Publicado em: 1 de agosto de 2025
A COP se tornou o encontro da ONU com maior participação da sociedade civil, diversa e multifacetada — característica que, inclusive, representa ao mesmo tempo sua maior fortaleza e sua maior fraqueza. No entanto, gosto de explicar, para quem não conhece, que ela pode ser dividida, grosso modo, em dois grandes grupos: os que querem salvar o planeta e os que querem fazer negócios. A interseção entre estes dois grupos é o que aparece no holofote.
Quando o presidente Lula apresentou a candidatura de Belém e colocou todo seu prestígio político para sediar o evento, os dois grandes grupos que participam das COP viram com bons olhos. O problema é que, de novembro de 2022 para cá, a própria COP foi vista predominantemente como um negócio por agentes políticos e empresariais devido ao grande investimento na preparação da cidade e à intensa movimentação de pessoas esperada para o evento.
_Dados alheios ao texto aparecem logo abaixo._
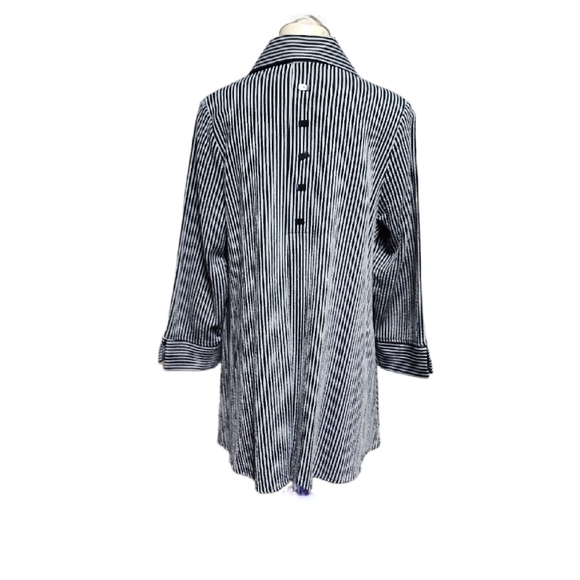 Moonlight Y & S Fashion Design Striped Button Front Long Sleeve Tunic/Jacket Med - Picture 2 of 14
Com isso, chegamos na atual fase, em que a COP está seriamente ameaçada e a operação “Salva a COP” está em curso, tentando lembrar que a conferência é maior que o local onde ocorre e que, se um dos dois tiver de ser sacrificado, será o segundo.
E chegamos neste nível crítico pelo pouco caso com que a participação social foi tratada pelo Governo Federal, Governo do Estado e as prefeituras das cidades envolvidas, em duas apostas arriscadas que deram tão certo que podem acabar com o evento.
A primeira aposta é que as obras e a movimentação econômica gerada pela COP elevariam a popularidade dos Governos envolvidos e que isso criaria um clima local favorável ao evento. E, sem dúvida, as obras da COP estão mudando a cidade e contribuíram fortemente para o baixíssimo nível de desemprego que a região metropolitana tem vivenciado. No entanto, o sonho irrealizável que a COP seria a solução de todos os problemas da cidade agora cobra o seu preço em um momento que a gentrificação, o racismo ambiental, o ecocídio e o aumento dos investimentos nos bairros de classe média alta fazem a população de uma das capitais mais favelizadas e pobres do Brasil se perguntar: qual é o nosso papel neste processo e o que de fato ficará para nós?
A segunda aposta é que o mercado funcionaria como mecanismo de higienismo social para diminuir a pressão sobre a cidade e permitir que a COP pudesse acontecer com um grupo de selecionados que poderiam pagar por suas hospedagens, como negociadores dos países membros da ONU e lobistas de grandes empresas, sem o inconveniente de grandes engarrafamentos e protestos em todas as esquinas. Esse é o centro do pensamento que colocou na pauta de maneira absolutamente figurativa a preocupação com um estoque público de leitos que pudessem atender a sociedade civil. O problema é que a demanda de participação social na COP da Amazônia é gigantesca e de várias escalas. Neste movimento todo, uma quantidade grande de pessoas não terá acesso aos leitos pela via do mercado, mas a procura já é um elemento suficientemente forte para inflacionar os preços chegando ao ponto de que eles tornaram-se proibitivos inclusive a muitos setores que tradicionalmente acessam leitos via mercados, o que tem levantado questões sobre a legitimidade de uma cúpula sem uma representação adequada de nações e com delegações incompletas.
Estamos no momento em que as duas apostas deram tão certo, a das obras como principal legado e do mercado como higienizador da COP, que elas mesmas colocaram o evento em risco, em um movimento de crescimento autofágico. No momento atual, nem a ampliação ilimitada de investimento em leitos, o que por si só já é impossível, e nem a promessa de vida melhor com as obras que serão inauguradas poderão tirar o evento da encruzilhada, sem um compromisso forte dos governos envolvidos em ainda permitir a construção de um banco público de leitos em escolas, universidades e em grandes acampamentos para regular o mercado, bem como um cronograma concreto de entregas que melhore a relação da cidade com a natureza, combata as desigualdades socioespaciais e se paute no direito à cidade da maioria que a constrói cotidianamente.
Por isso que a COP está em risco, o que chamamos no título deste texto como seu “ponto de não retorno”, em uma analogia com um conceito muito caro para o debate socioambiental. No entanto, a experiência poderá ser traumática para uma cidade que está acostumada a receber muito bem a todas as pessoas que chegam, a ponto de gerar grande frustração com o evento ou de levar, de última hora, Belém a deixar de ser o local das atividades para tornar-se apenas uma figura ilustrativa no título, tendo as principais atividades acontecendo nas metrópoles nacionais que tradicionalmente sediam eventos deste tamanho.
O momento que estamos vivendo já é uma mancha internacional muito significativa ao povo do Pará, mas parece que os envolvidos não buscam outras soluções e, por ora, esse é o nosso dilema.